Yes, I think it may be time to replace your battery.
;-)
After 10 years, it would be surprising if there was
any life left in one of those batteries, although I find the "official"
estimate of 18 months pessimistic.
Charles
'Obsolete' Technologies: Cell Phones and Ladas
From André:
Hi again Charles,
I read with interest your article [In Defense of 'Obsolete'
Technologies] on using obsolete technologies. I am "obsolete tech"
user too, from old mobile phones (like my beloved Siemens Sl45 or the
tiny Nokia 6510 that were found in a closet and only needed new
batteries (original and cheap)) that I used as secondary phones, to the
USB-to-Com adapters (which I use to connect the SL45 dock to transfer
contacts and send SMS via Mac) to USB Floppy Disk (which saved my life
a couple times, repairing corrupted BIOS in laptops).

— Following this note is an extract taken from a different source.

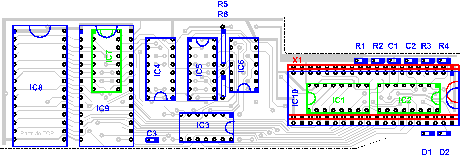 Parts placement of the Professional-DOS expansion board PCB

Using obsolete can mean that you are "greener", like using an old
printer instead of buying a new one (that will "cost" to the earth
materials and pollution), and also it can save you some money (for
example, a new battery for one these mobiles cost 10 Euros; the one for
my brand new Nokia E52 costs about 40, both original, and in the end of
the day they last almost the same).
Of course
being "obsolete" in every tech is not possible for everyone. My
example: I am a mechanical engineering student, so I can't run as
primary notebook a PowerPC 'Book, because I need Windows to run CAD
software, but if I was a writer or something, I'd be very happy with a
PPC 'Book :)
About cars, I guess I win in the "obsolete tech" user. I am an happy
owner of a Soviet Lada
Niva 4x4, it is from 95, but it is more or less equal to the ones
made in 1978/79 - and to the ones made in 2010. Few changes were made!
Although it is not very "greener", it was cheap to buy and cheap to
maintain, and it can take me to beautiful places that others can't go.
And in the end of the day, it's our smile that counts, and I'm happy
running all this obsolete tech :)
Hi André,
Good for you! I spend 3 to 4 hours a day working on a
Pismo PowerBook from 2000. I fully agree that a PowerPC machine can
make a very adequate writing tool. And, of course, there are a lot more
powerful PowerPC options than my ancient 550 MHz G4-upgraded
laptop.
Nice shot of the Niva. Ladas were fairly popular here in Canada
20+ years ago, and there used to be quite a few Nivas around, but Lada
dropped out of the Canadian market in the early '90s, and I haven't
seen one on the road (or anywhere) for years. I expect that parts are
very hard to get.
I drive an old 4x4 too - actually a year older than
your Niva, a 1994 Mazda B-4000 pickup, which is a "badge-engineered"
clone of the American Ford Ranger. It was built in Edison, New Jersey.
It's fairly obsolete technology as well, although Ford still builds the
Ranger and will continue to do so until 2012, when it will be replaced
with a new compact pickup - probably a bit smaller.